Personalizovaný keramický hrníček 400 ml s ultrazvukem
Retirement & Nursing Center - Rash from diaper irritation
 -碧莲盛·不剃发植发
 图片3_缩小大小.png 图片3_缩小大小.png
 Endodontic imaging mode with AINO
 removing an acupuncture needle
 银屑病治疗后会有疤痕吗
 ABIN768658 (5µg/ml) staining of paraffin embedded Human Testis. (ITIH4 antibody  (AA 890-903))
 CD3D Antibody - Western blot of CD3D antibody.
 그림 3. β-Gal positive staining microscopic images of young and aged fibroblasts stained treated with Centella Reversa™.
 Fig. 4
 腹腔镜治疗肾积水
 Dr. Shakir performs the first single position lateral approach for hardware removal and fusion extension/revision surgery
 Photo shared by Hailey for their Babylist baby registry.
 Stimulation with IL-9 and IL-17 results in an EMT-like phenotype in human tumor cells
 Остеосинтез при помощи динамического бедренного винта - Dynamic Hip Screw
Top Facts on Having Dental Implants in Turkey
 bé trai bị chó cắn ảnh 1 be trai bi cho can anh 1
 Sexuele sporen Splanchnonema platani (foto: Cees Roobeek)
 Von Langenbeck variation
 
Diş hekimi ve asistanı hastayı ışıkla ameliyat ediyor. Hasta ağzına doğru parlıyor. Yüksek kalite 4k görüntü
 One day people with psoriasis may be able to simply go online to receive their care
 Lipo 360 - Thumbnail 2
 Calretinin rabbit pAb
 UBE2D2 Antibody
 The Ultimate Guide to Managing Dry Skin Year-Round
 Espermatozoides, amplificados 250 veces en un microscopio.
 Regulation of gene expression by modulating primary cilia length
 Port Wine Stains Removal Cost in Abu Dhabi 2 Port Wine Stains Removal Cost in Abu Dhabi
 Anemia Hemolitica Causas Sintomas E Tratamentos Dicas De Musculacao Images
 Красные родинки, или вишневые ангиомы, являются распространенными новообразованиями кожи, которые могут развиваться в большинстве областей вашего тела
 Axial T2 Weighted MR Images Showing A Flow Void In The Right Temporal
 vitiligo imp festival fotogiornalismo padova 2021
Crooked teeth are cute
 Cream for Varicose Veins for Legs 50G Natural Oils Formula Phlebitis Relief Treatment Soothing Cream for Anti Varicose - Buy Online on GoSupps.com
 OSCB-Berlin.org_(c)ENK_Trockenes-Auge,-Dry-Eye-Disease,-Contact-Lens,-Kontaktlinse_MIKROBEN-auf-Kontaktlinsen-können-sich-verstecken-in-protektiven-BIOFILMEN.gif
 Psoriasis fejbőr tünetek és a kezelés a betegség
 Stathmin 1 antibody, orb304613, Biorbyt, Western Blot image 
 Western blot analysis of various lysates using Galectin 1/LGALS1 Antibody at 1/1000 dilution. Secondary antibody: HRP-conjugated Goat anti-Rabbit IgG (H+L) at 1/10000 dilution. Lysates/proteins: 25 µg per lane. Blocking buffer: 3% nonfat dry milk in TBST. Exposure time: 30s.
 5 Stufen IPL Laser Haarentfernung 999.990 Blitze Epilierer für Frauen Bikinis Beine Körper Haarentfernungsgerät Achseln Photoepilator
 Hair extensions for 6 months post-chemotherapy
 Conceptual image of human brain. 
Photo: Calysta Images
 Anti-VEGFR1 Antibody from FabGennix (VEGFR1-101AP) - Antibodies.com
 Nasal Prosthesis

========

Exact retyping is needed for the line with "Anti-VEGFR1 Antibody from" and for each line after it through the end of the listing above; no other lines belong.

 Anti-VEGFR1 Antibody from FabGennix (VEGFR1-101AP) - Antibodies.com
 Nasal Prosthesis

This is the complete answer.